Tüm beşeri ideolojiler, izm’ler ve fikir akımları, arkasında binlerce yıllık bir birikimin izleriyle bugünlere gelmiştir. Her izm’in öncüsü, tarihin bir döneminde, tıpkı Edison örneğinde olduğu gibi, ayaklarının ucunda buldukları topu kaleye atma eyleminden başka bir şey yapmamıştır. Ve adını kurdukları ideoloji bir zaman sonra ampul misali evlerimize ve zihinlerimize kadar girivermiştir.
Hiçbir beşeri ideoloji yoktur ki kendisinden önce söylenmiş bir sözden olumlu ya da olumsuz bir şekilde etkilenmemiş olsun.
Nitekim deizm üzerinden gidersek;
Tanrı tarafından tasarlanan, hareketi başlatılan; dışarıdan müdahale olmadan doğa kanunlarına uygun şekilde işleyen bir bütünlük olarak görme eğilimi deizmi ifade eder.
Kehanetlerin, mucizelerin, dinsel dogmaların, demagojilerin ve kaynağı ilahi ilan edilen dinlerin reddinden dolayı peygamberler, kutsal kitaplar, sevap, günah, ibadet, dua, vahiy, melek, cin, şeytan, cennet, cehennem, ahiret ve kader gibi kavramların bu inanışta yeri yoktur. Belirli bir öncüsü, merkezi bulunmaması sebebiyle deizm’de ihtiyaç duyulan tek şey sağduyulu olmak ve her şeyi akıl süzgecinden geçirmektir.
M.S. 500’lü yıllarda Mekke’de tanrı inancının var olduğu ve fakat bu tanrıya ait güçlerin, kendi elleriyle yaptıkları diğer tanrılara tevdi edildiği dolayısıyla bir peygambere ihtiyaç duyulmadan kendi işini kendi adına yeryüzünde idame ettirdiği, hiçbir şeye müdahalede bulunmadığından dolayı da her türlü günahın mubah sayıldığı ve yine bu inanma öğretisinin gereği olarak insanlar arasındaki anlaşmaların ve uzlaşmaların salt akıl süzgecinden geçirilerek yoluna koyulduğu inancının günümüze uyarlanmış şekline deizm diyebilir miyiz?
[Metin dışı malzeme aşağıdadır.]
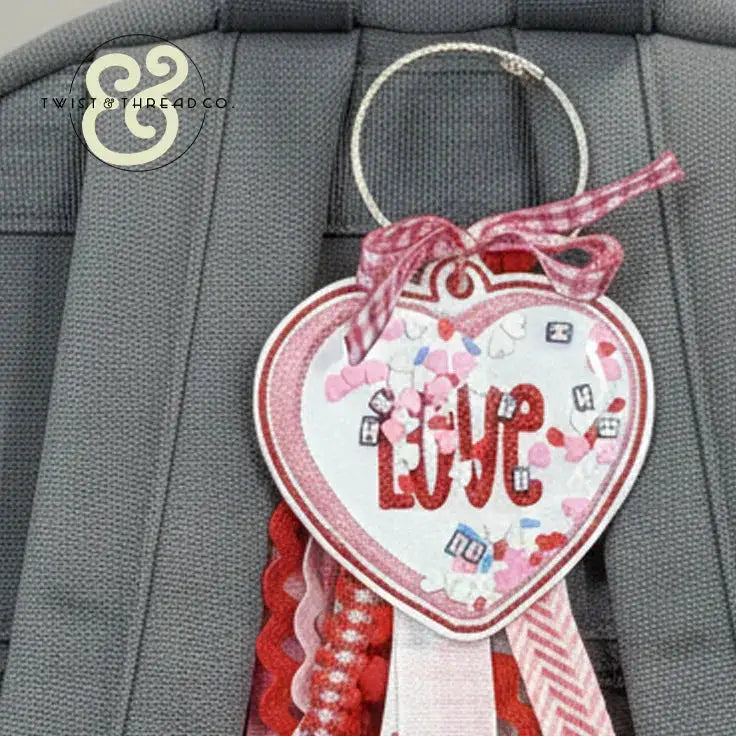 Embroidered heart-shaped LOVE keychain with red and pink ribbons by Twist & Thread Co.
İşte tam da bu yüzyılda ilahi takdir, söz sanatının çok güçlü olduğu bir kavme söz sanatının en güzeli olan kelimelerle doğru yolu bir kere daha gösteriverdi.
Bir peygamber eliyle…
Bir peygamber duruşuyla…
ve arkasından yürüyen er-oğlu erlerle binbeşyüz yıl yol alıverdik.
Geçmişin tebliğ söylemlerinin yanında dik duruşa sahip önderler varken günümüzde (2000’li yılların başından sonra) sadece kitap sayfalarında, Facebook’ta süslü yazılarda, Instagram’da resim (poz) altına düşülen notlarda, dik durabilen insanların sözleriyle baş başa kalıverdik.
“kısaca duruş” gitti “söz” kaldı…
İşte bugün gençliği izm’lerin tuzağından kurtaracak şey, duruş sahibi insanların son şahitleri olarak bizlerin bu kelimeleri vücuda getirme zamanıdır.